The two armies in England now prepared to try their strength. Charles, lying at Oxford, had a considerable number of troops: the west of England was almost entirely in his interest, north and south Wales were wholly his, excepting the castles of Pembroke and Montgomery. He had still Scarborough, Carlisle, and Pontefract; but his army, though experienced in the field, was not well disciplined. The Parliamentary army, now new-modelled, presented a very different spectacle to that of the king. The strictest discipline was introduced, and the men were called upon to observe the duties of religion. The officers had been selected from those who had served under Essex, Manchester, and the other lords; but having cleared the command of the aristocratic element, a new spirit of activity and zeal was infused into it. The king's officers ridiculed the new force, which had no leaders of great name except Sir Thomas Fairfax, and was brought together in so new a shape, that it appeared a congregation of raw soldiers. The ridicule of the Cavaliers even infected the adherents of the Commonwealth, and there was great scepticism as to the result of such a change. May, the Parliamentary historian, says, never did an army go forth who had less the confidence of their friends, or more the contempt of their enemies. But both parties were extremely deceived. Cromwell was now the real soul of the movement, and the religious enthusiasm which glowed in him was diffused through the whole army. The whole system seemed a revival of that of the pious Gustavus Adolphus—no man suffered a day to go over without religious service, and never commenced a battle without prayer. The soldiers now employed their time in zealous military exercises and in equally zealous prayer and singing of psalms. They sang in their march, they advanced into battle with a psalm. The letters of Cromwell to the Parliament, giving an account of the proceedings of the army, are full of this religious spirit, which it has been the custom to treat as cant, but which was the genuine expression of his feelings, and was shown by effects such as cant and sham never produce. Victory, which he and his soldiers ascribed only to God, success the most rapid and wonderful, attended him.

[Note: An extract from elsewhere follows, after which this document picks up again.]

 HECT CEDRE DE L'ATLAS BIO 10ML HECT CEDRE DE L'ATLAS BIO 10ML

It is remarkable that the very man who had introduced the Self-denying Ordinance was the only man who was never debarred by it from pursuing his military career. This has, therefore, been treated as an artifice on his part; but, on the contrary, it was the mere result of circumstances. Cromwell was the great military genius of the age. Every day the success of his plans and actions was bursting more and more on the public notice, and no one was more impressed by the value of his services than the new Commander-in-Chief, Sir Thomas Fairfax. He had sent Cromwell, Massey, and Waller into the West, before laying down their commissions, to attack Colonel Goring, who was threatening the Parliamentary lines. They had driven him back towards Wells and Glastonbury, and not deeming it safe to push farther with their small force into a quarter where the Royal interest was so strong, and Cromwell advising Parliament to send more troops to Salisbury to defend that point against Rupert, who was reported at Trowbridge, he had returned to Windsor to resign his command according to the Ordinance. There, however, he found the Parliament had suspended the Ordinance in his instance for forty days, in order that he might execute a service of especial consequence, and which it particularly wished him to undertake. This was to attack a body of two thousand men conveying the king's artillery from Oxford to Worcester, to which place Rupert had marched, having defeated Colonel Massey at Ledbury.

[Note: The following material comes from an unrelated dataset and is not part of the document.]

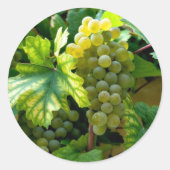 Grapevine Ronde Sticker (Voorkant)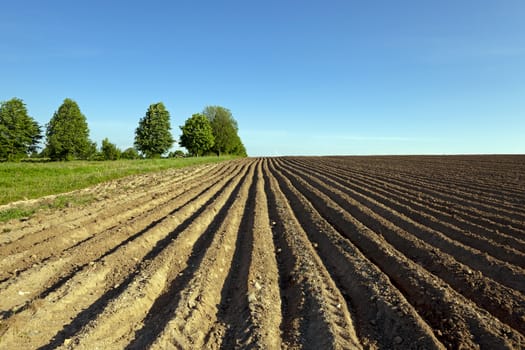   an agricultural field on which grow up potatoes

This was on the 22nd of April, and Cromwell took horse the next morning, dashed rapidly into Oxfordshire and at Islip Bridge routed the enemy, consisting of four regiments of cavalry, took many of their officers, and especially those of the queen's regiment, seizing the standard which she had presented to it with her own hands. Many of the fugitives got into Bletchington House, which Cromwell immediately assaulted and took. The king was so enraged at the surrender of Bletchington, that he ordered the commander, Colonel Windebank, to be shot, and no prayers or entreaties could save him. Cromwell next sent off his cannon and stores to Abingdon, and pushed on to Radcot Bridge, or Bampton-in-the-Bush, where others of the enemy had fled: here he defeated them, and took their leaders Vaughan and Littleton. Cromwell next summoned Colonel Burgess, the governor of the garrison at Faringdon, to surrender; but he was called away to join the main army, the king being on the move.

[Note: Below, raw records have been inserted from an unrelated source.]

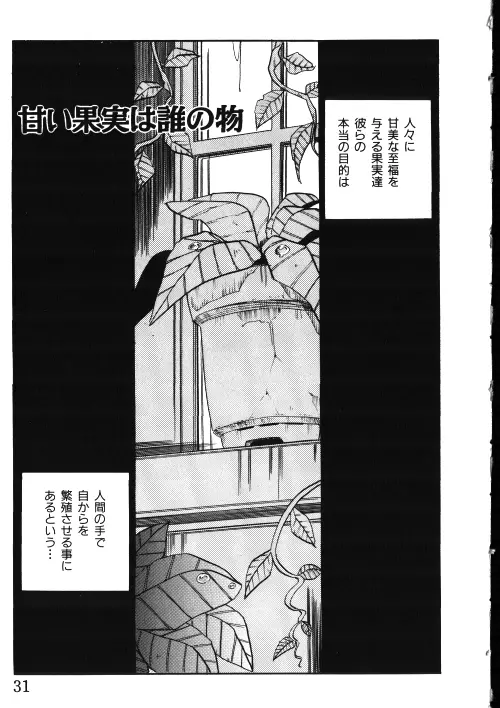 メイドさん計画 Page.31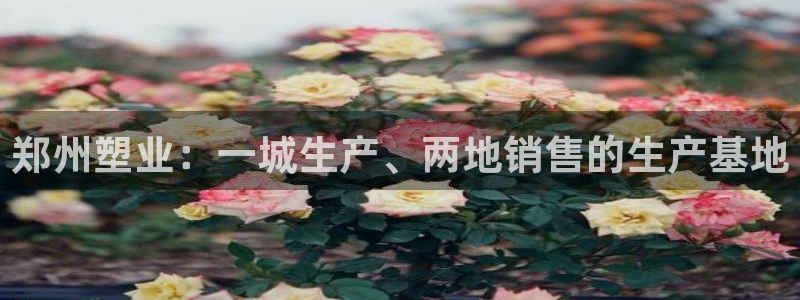 太阳游戏盒子：郑州塑业：一城生产、两地销售的生产基地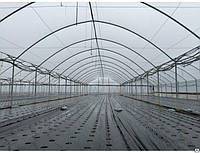 Теплиця як малий бізнес: особливості комерційного процесу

Charles, in fact, issued from Oxford, and, joined by both Rupert and Maurice, advanced to relieve Chester, then besieged by Sir William Brereton. Fairfax, instead of pursuing him, thought it a good opportunity to take Oxford and prevent his returning there; but the king's movements alarmed him for the safety of the eastern counties, to which he had despatched Cromwell to raise fresh forces and strengthen their defences. Cromwell was recalled, and Fairfax set out in pursuit of the king. Charles relieved Chester by the very news of his march. Brereton retired from before it, and the Scottish army, which was advancing southward, fell back into Westmoreland and Cumberland, to prevent a rumoured junction of the king and the army of Montrose. Whatever had been Charles's intentions in this movement, he wheeled aside and directed his way through Staffordshire into Leicestershire, and took Leicester by assault. From Leicester he extended his course eastward, and took up his headquarters at Daventry, where he amused himself with hunting, and Rupert and his horse with foraging and plundering the whole country round.
Fairfax, now apprehensive of the royal intentions being directed to the eastern counties, which had hitherto been protected from the visitations of his army, pushed forward to prevent this, and came in contact with the king's outposts on the 13th of June, near Borough Hill. Charles fired his huts, and began his march towards Harborough, intending, perhaps, to proceed to the relief of Pontefract and Scarborough; but Fairfax did not allow him to get far ahead. A council of war was called, and in the midst of it Cromwell rode into the lines at the head of six hundred horse. It was now determined to bring the king to action. Harrison and Ireton, officers of Cromwell—soon to be well known—led the way after the royal army, and Fairfax, with his whole body, was at once in full chase. The king was in Harborough, and a council being called, it was considered safer to turn and fight than to pursue their way to Leicester like an army flying from the foe. It was therefore resolved to wheel about and meet the enemy.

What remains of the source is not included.